_Task brief_
Return exactly the lines from the start of the records below through the line containing "Imagem de BIC", both ends included, and leave out the pictures.

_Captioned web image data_
Content starts

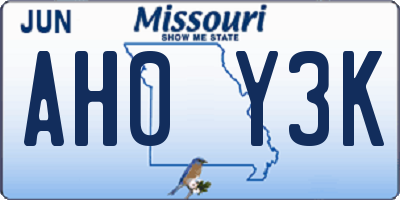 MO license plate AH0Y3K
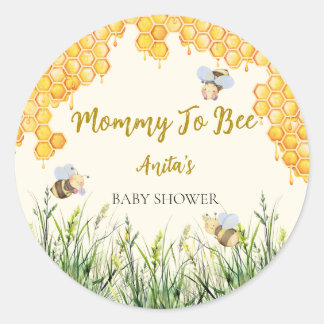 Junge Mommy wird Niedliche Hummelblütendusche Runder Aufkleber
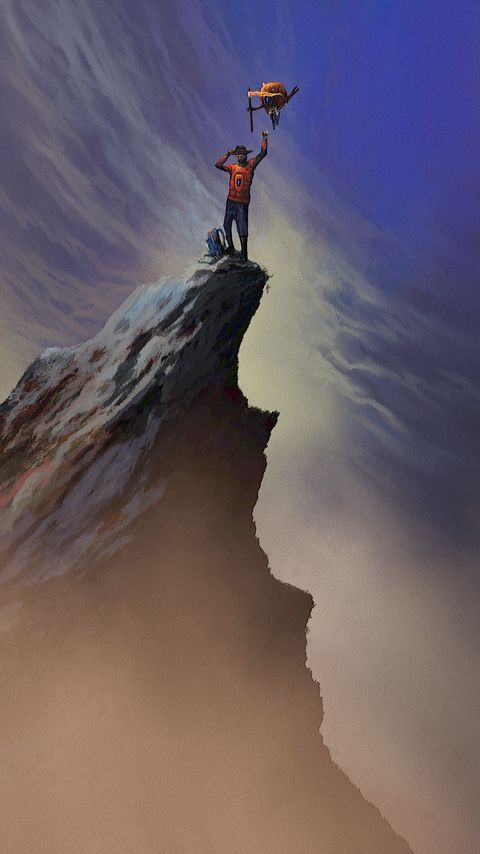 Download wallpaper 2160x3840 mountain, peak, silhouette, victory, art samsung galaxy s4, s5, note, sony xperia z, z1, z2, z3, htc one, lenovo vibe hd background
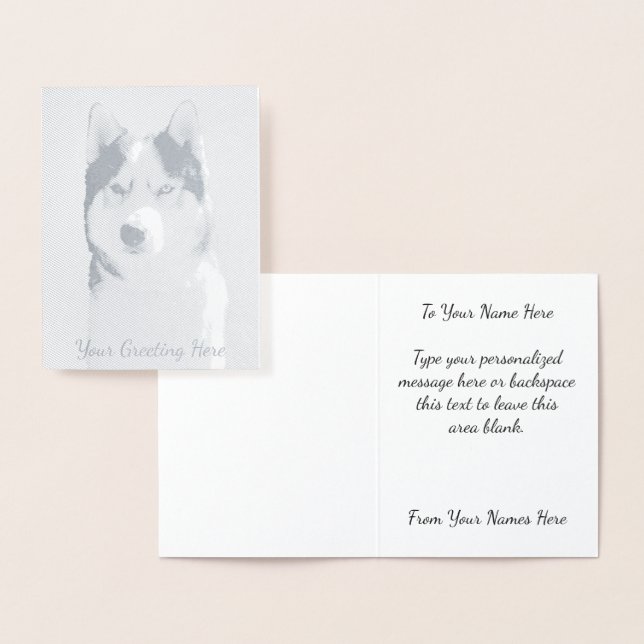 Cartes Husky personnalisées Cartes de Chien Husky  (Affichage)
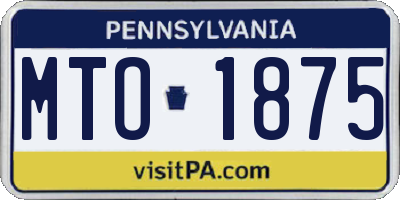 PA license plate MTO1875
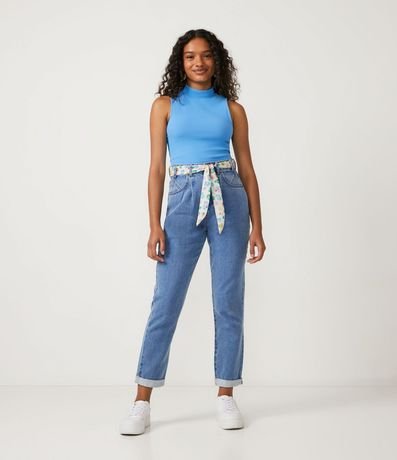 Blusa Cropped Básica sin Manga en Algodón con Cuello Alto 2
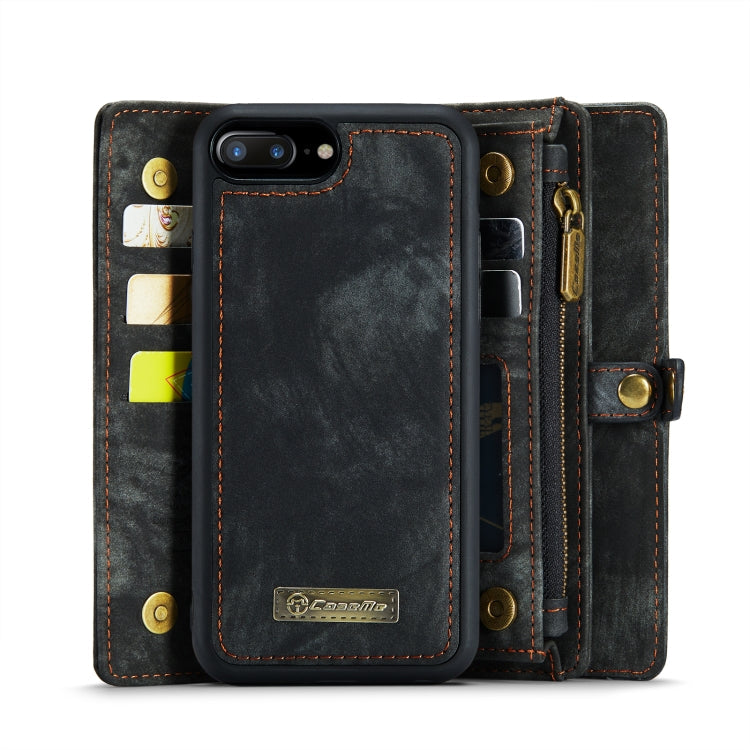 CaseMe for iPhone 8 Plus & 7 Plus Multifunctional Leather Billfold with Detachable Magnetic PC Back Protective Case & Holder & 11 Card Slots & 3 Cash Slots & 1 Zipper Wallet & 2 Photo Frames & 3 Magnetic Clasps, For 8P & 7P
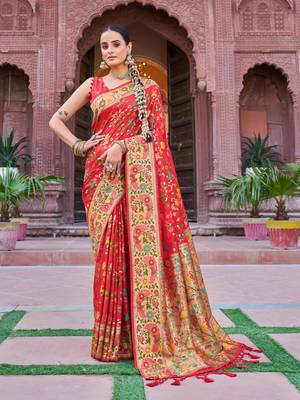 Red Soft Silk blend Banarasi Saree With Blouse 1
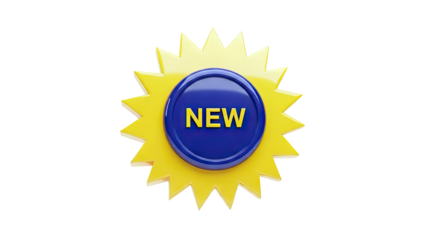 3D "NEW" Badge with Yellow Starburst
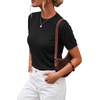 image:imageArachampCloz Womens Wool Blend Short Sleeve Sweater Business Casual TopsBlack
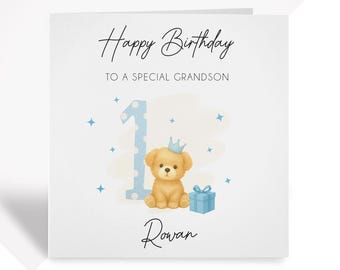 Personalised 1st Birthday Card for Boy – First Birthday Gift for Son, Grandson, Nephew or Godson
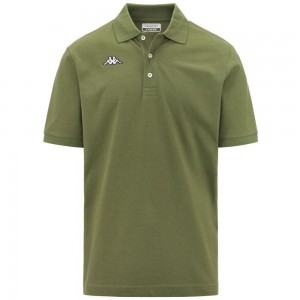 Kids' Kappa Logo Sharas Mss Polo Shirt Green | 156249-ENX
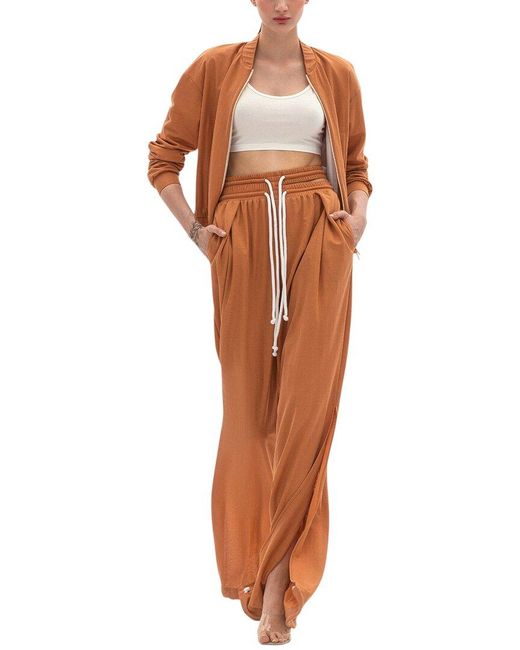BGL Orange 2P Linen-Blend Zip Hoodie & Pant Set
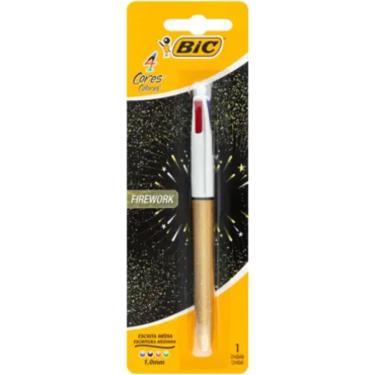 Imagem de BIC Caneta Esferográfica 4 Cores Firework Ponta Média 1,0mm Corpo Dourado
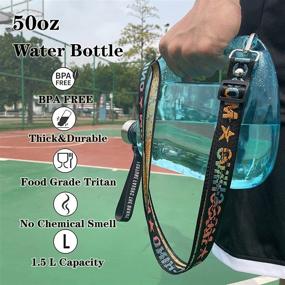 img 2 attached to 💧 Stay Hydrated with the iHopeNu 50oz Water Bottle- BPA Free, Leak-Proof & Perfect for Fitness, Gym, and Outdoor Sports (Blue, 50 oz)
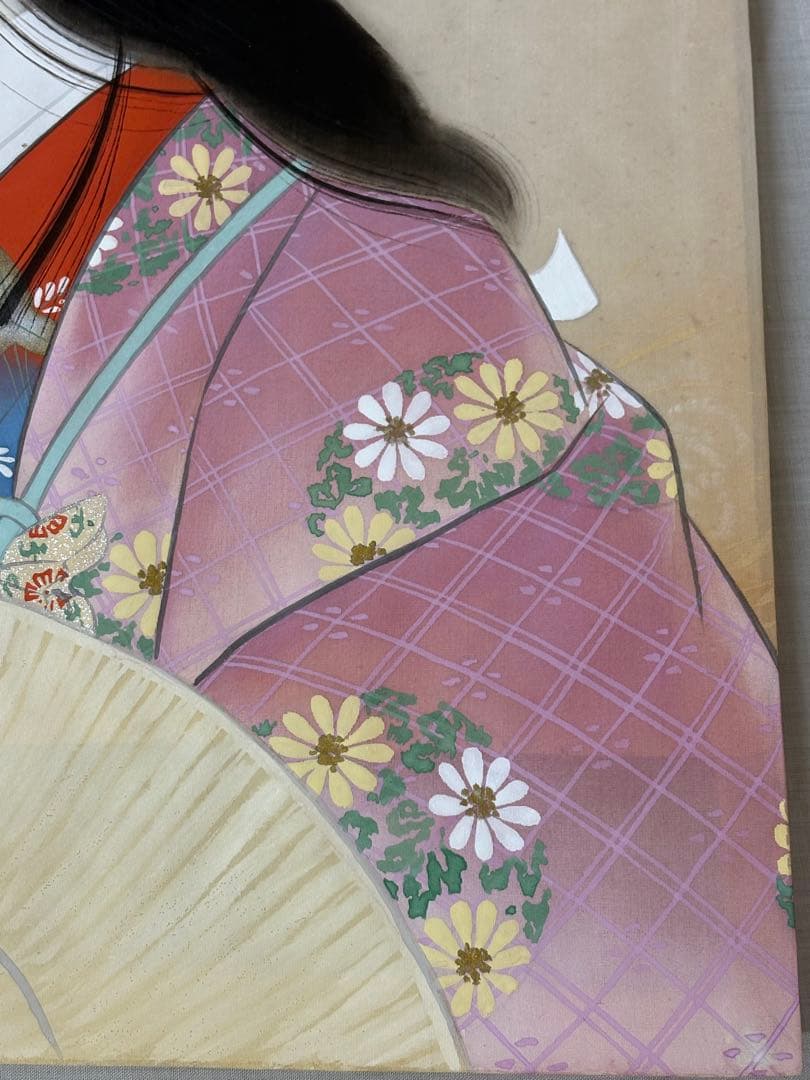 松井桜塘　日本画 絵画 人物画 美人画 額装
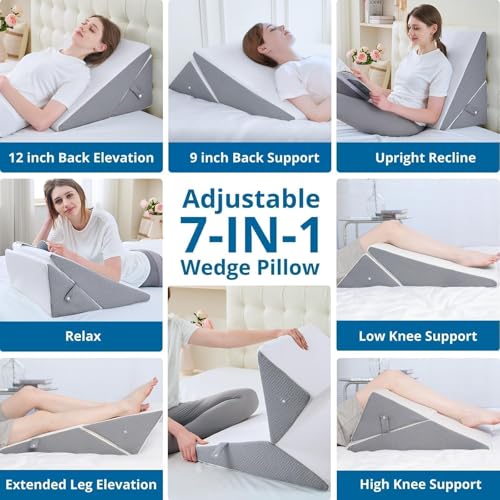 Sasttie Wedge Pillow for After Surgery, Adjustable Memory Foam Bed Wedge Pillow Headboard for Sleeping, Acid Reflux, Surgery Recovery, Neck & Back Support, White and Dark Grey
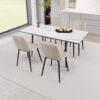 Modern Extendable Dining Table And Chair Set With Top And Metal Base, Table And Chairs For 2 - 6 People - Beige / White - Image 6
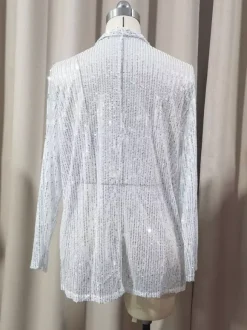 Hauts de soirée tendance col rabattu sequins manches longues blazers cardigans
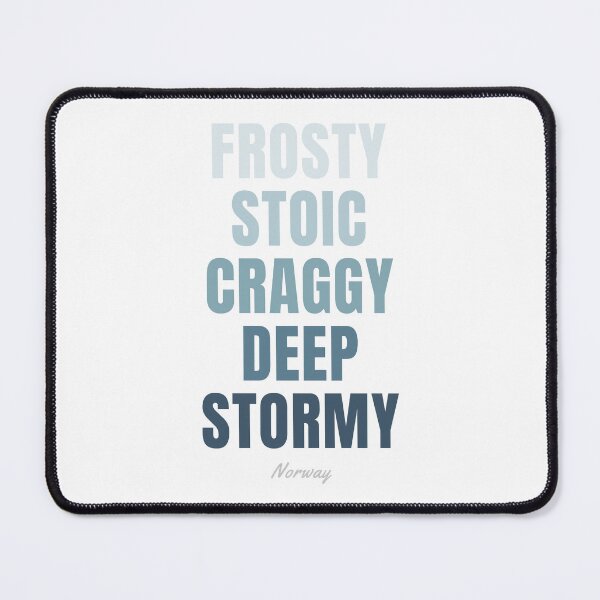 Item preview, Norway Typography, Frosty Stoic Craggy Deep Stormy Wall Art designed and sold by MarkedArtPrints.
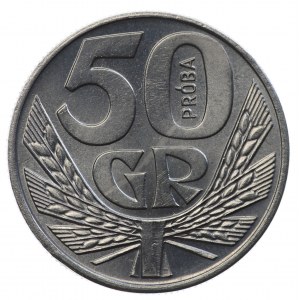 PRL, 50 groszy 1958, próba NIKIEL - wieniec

Content ends

_Written answer_
 MO license plate AH0Y3K
 Junge Mommy wird Niedliche Hummelblütendusche Runder Aufkleber
 Download wallpaper 2160x3840 mountain, peak, silhouette, victory, art samsung galaxy s4, s5, note, sony xperia z, z1, z2, z3, htc one, lenovo vibe hd background
 Cartes Husky personnalisées Cartes de Chien Husky  (Affichage)
 PA license plate MTO1875
 Blusa Cropped Básica sin Manga en Algodón con Cuello Alto 2
 CaseMe for iPhone 8 Plus & 7 Plus Multifunctional Leather Billfold with Detachable Magnetic PC Back Protective Case & Holder & 11 Card Slots & 3 Cash Slots & 1 Zipper Wallet & 2 Photo Frames & 3 Magnetic Clasps, For 8P & 7P
 Red Soft Silk blend Banarasi Saree With Blouse 1
 3D "NEW" Badge with Yellow Starburst
 image:imageArachampCloz Womens Wool Blend Short Sleeve Sweater Business Casual TopsBlack
 Personalised 1st Birthday Card for Boy – First Birthday Gift for Son, Grandson, Nephew or Godson
 Kids' Kappa Logo Sharas Mss Polo Shirt Green | 156249-ENX
BGL Orange 2P Linen-Blend Zip Hoodie & Pant Set
 Imagem de BIC Caneta Esferográfica 4 Cores Firework Ponta Média 1,0mm Corpo Dourado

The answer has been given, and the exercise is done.